10 Signs Your Friend is Toxic

10 Signs Your Friend is Toxic

Toxic friends complicate your life.  These people are more than a nuisance, they’re parasitic.  Precious time slips away as you deal with their negativity; and you’re left wondering why you feel so despondent.  If you’re ready to simplify your life, you can’t condone these toxic friendships any longer.

What Toxic Friends Do

  1. They drain you. – You feel psychologically and emotionally depleted after spending time with them, instead of uplifted.  (Read Emotional Blackmail.)
  2. They are unsupportive. – You’re afraid to tell them about new, important aspects of your life because they’ve been unsupportive or downright rude about your ideas in the past.
  3. They are up to no good. – They regularly partake in activities that are morally unjust.
  4. Their values and interests are opposite to your own. – Dissimilar value systems often mix like oil and water.  This doesn’t necessarily mean the other person is wrong, it just means they aren’t right for you.
  5. They are unreliable. – They always break their promises.
  6. They only contact you when they need something. – Otherwise you never hear from them.
  7. They aren’t meeting you halfway. – If you are always the one calling your friend to make plans and going out of your way to be with them, but they never return the favor and attempt to go out of her way for you, there’s a problem.
  8. They are jealous of you. – Jealousy is:  “I want what you have and I want to take it away from you.”
  9. They have zero ambition. – Beware; a lack of ambition can be contagious.  As the saying goes, “You can’t soar like an eagle when you hang out with turkeys.”
  10. They constantly drive you to moments of insanity. – You catch yourself daydreaming about how good it would feel to throw a banana cream pie in their face.  😉

My Story of Toxicity

Here’s why I know how bad these friendships can be:  I’ve been on both sides of the court.  Yeah, I have my share of victim stories about friends who were friends only if I agreed with them and gave them the spotlight.  I’ve got tales of woe about past friends who were fabulous and fun, provided I didn’t try to cut into their time by (gasp!) spending time alone and having other friendships.  (You know, having a life outside of them?)

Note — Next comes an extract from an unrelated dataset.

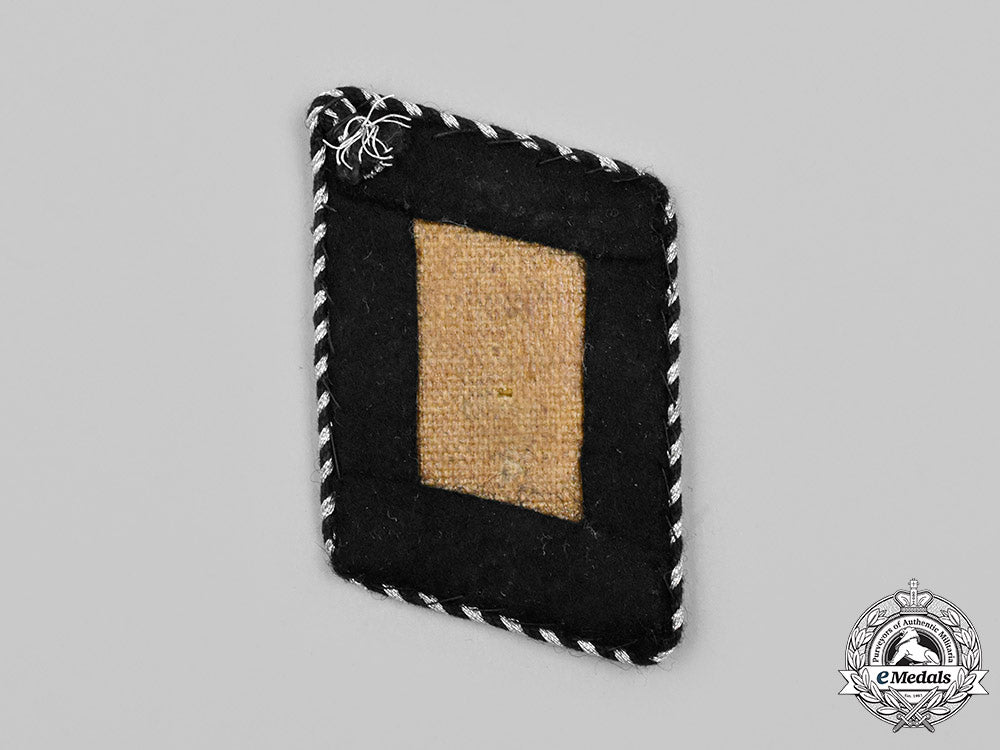 germany,_ss._a_ss-_totenkopfverbände2_nd_sturm_collar_tab_c2020_239_mnc0840_1_1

But the truth is I’ve also been a terrible friend at times, and I realize this.  In the past I have neglected some friendships by relying on the other person to stay in touch instead of reaching out myself.  Some of these friendships withered away over time because of my toxic behavior.  Bottom line:  Toxicity is a two-way street – you have to be a good friend too.  (Hold this thought; we’ll come back to it.)

How to End a Toxic Friendship

In my experience there are two ways to end a toxic friendship:  quickly and painfully or slowly and awkwardly.  Neither is fun, neither is neat, and neither is easy.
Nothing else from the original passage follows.